George Washington Papers

From George Washington to the Inhabitants of Georgetown, South Carolina, 30 April 1791

To the Inhabitants of Georgetown, South Carolina

[Georgetown, S.C., 30 April 1791]1

Gentlemen,

I receive your congratulations on my arrival in South Carolina with real pleasure, and I confess my obligation to your affectionate regard with sincere gratitude.2

While the calamities, to which you were exposed during the war, excited all my sympathy, the gallantry and firmness, with which they were encountered, obtained my entire esteem.3 To your fortitude in those trying scenes our country is much indebted for the happy and honorable issue of the contest—From the milder virtues, that characterise your conduct in peace our equal government will derive those aids, which may render its operations extensively beneficial.

That your participation of every national advantage, and your prosperity in private life, may be amply proportioned to your past services and sufferings is my sincere and fervent wish.

Go: Washington

DS (facsimile), in Henderson, Washington’s Southern Tour, description begins Archibald Henderson. Washington’s Southern Tour, 1791. Boston and New York, 1923. description ends facing 134 (from original owned [1923] by Winyah Indigo Society, Georgetown, S.C.); LB, DLC:GW.

1GW entered South Carolina on 27 April and was met at Capt. William Alston’s Clifton plantation on 29 April by William Moultrie, William Washington, and John Rutledge, Jr., who served as GW’s official escort to Charleston. For GW’s journey from Wilmington, N.C., and his arrival and activities at Georgetown, see Diaries description begins Donald Jackson and Dorothy Twohig, eds. The Diaries of George Washington. 6 vols. Charlottesville, Va., 1976–79. description ends , 6:121–25.

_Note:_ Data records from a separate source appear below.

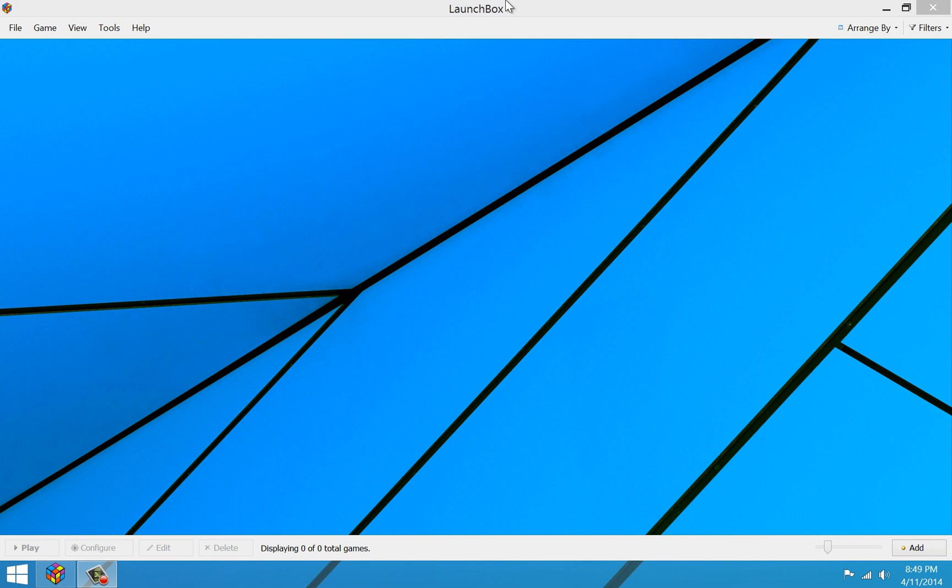Hey guys, this is LaunchBox developer Jason Carr again. I wanted, this time, to go through and give you a tutorial on how to install a DOS game from either a physical CD or a CD image, an ISO file.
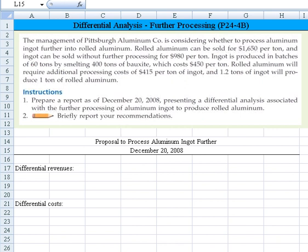Let's take a look at this differential analysis that involves the decision of whether we should do some further processing. This is problem 24-4b: the management of Pittsburgh Aluminum Companies is considering whether to process aluminum ingot further into rolled aluminum.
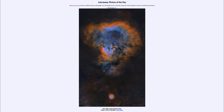So that was our picture of the day for October 13th of 2021, titled NGC 7822: Cosmic Question Mark. We'll be back again tomorrow for the next picture. Until then, have a great day everyone, and I will see you in class.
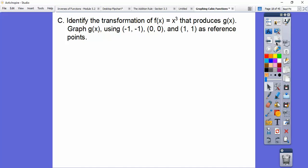Identify the transformation of f(x) = x³ that produces g(x). We're going to graph g(x) using (-1,-1), (0,0), and (1,1) from the parent graph as reference points.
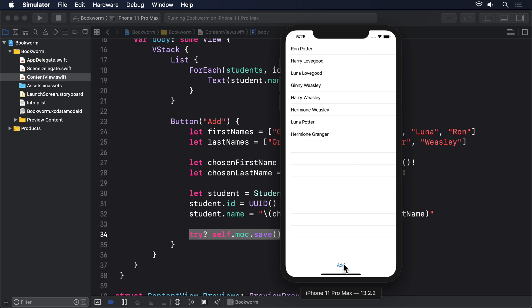This was the last part of the overview for this project. So please reset your code back to its initial state and make sure you delete the Student entity from our data model. We don't need it anymore.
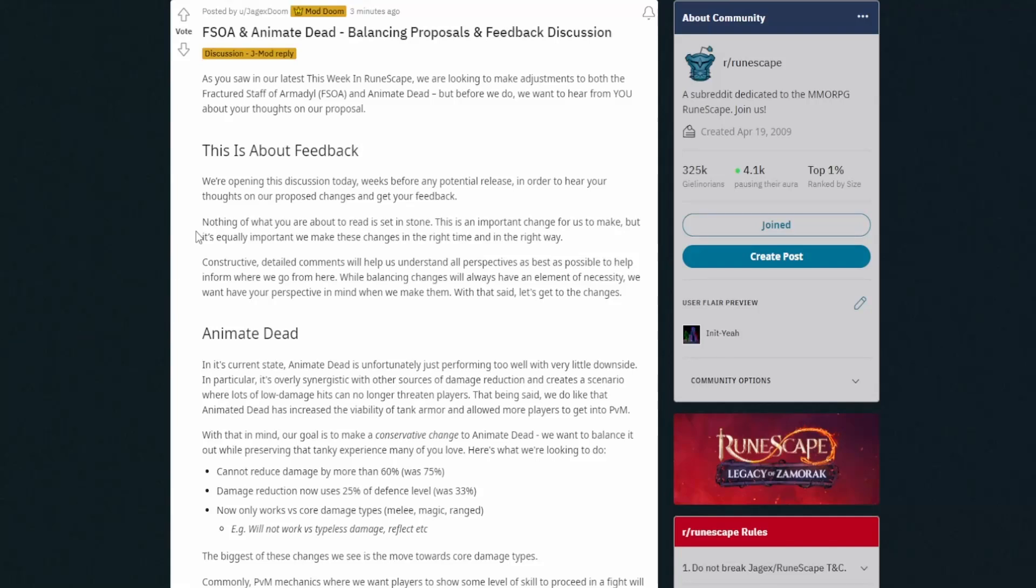What's up guys, we have the post from Jagex about the actual changes to the Staff of Armadyl and Animate Dead balancing proposals and feedback discussion. So this seems like things they put balancing proposals. It seems like they're gonna take feedback into account here and maybe make some adjustments.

2The undated address, signed by Hugh Horry, George Heriot, Robert Brownfield, Joseph Blyth, Erasmus Rothmahler, Matthew Irvine, and Samuel Smith, was presented to GW at two o’clock: “We, the Inhabitants of George Town and of it’s vicinity, beg leave to congratulate you upon your safe arrival in South Carolina, and to assure you that having ever entertained a high sense of the obligations which you have conferred upon your Fellow Citizens in general, We are happy to embrace this opportunity of testifying to you, our particular sentiments of Gratitude, and of affection: We are no less happy, Sir, at being called upon by the Laws to obey and to respect as first Magistrate of the Fœderal Republic, that person whom of all men we were most disposed to revere as our Benefactor and to love as the Father of his Country. Having shared in the distresses of the War and been exposed to those calamities, and to that loss of property which were the consequences of it, we have been taught to set a proper value upon the exertions which were made in our behalf; we have experienced the happy influence of your counsels Sir, and have distinguished you as the Guardian of our laws, and of our liberties; as an instrument in the hands of Providence, to protect our dearest rights & to save us from oppression. The breath of popular applause is fleeting, but the merit of such illustrious actions, can never be effaced: they carry with them their best reward, & we trust Sir, that in pursuing your progress through this State, you will have the satisfaction to perceive a Spirit of Freedom, which your Services during the War enabled us to maintain, a degree of order and tranquillity which your administration has diffused, and a growing prosperity, than which no better proof could exist of the goodness and efficacy of that government over which you preside. Such Sir are the sentiments with which we approach you upon this occasion, and such the sentiments, which we shall in honour and in gratitude transmit to our latest posterity” (DLC:GW).

3Georgetown was occupied by the British army from July 1780 to May 1781, and many of its buildings were burned in August 1781 by a Loyalist privateer.